Redeeming and Repairing or Further Damaging a Sullied Reputation ?

Given the current climate and it’s negative attitude towards both Catholic schooling and the value of denominational schools, it can be disheartening, upsetting and surprising when principals take a highly bureaucratic approach to dealing with parents. We may say on our websites that we are open to all, we may speak of partnership and diversity, of welcoming those of other faiths or of none, but our actions and demeanour can often speak louder than our words.

Our schools will not be considered positive places of learning where parents are welcomed as respected partners if we continue with an autocratic or stern approach to them, or indeed to teachers, other staff members or children. The  Dublin Archdiocese, the Church in Ireland and its schools is striving to move beyond the cold, bureaucratic authoritarianism of John Charles McQuaid and others like him.

What does a closed, bureaucratic attitude do to dispel peoples’ negative attitudes towards the role of Catholicism in education?

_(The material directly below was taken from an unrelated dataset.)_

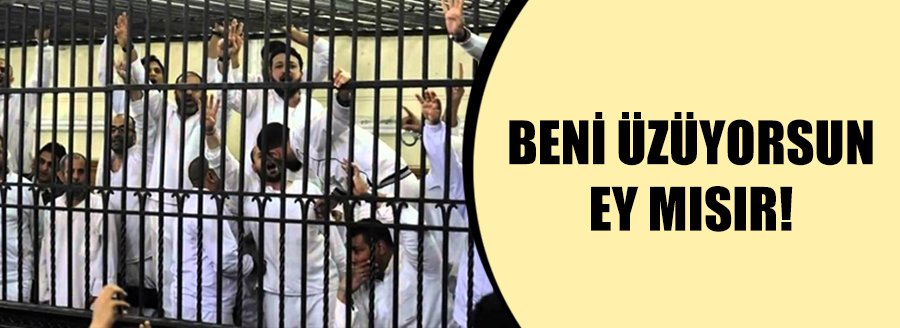 BENİ ÜZÜYORSUN EY MISIR!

Is it really reflective of the ethos of any Catholic school, of any Irish school to create an atmosphere of them and us, with parents put firmly in their place?

Does it create an atmosphere of trust and mutual understanding, or does it create one of mistrust where children loose out and where people continue to see Catholicism as as an authoritarian religion that seeks to control people ignore their needs?

Many founders of religious orders sought to reach out to the marginalised, when communications and plans are written using language that demands rather than respectfully expects parental cooperation, when schools are not open and welcoming, many, if not most, parents become marginalised  and damage is done to an ethos inspired by the goals of Catholic education and the ideals that inspired the founders of religious orders.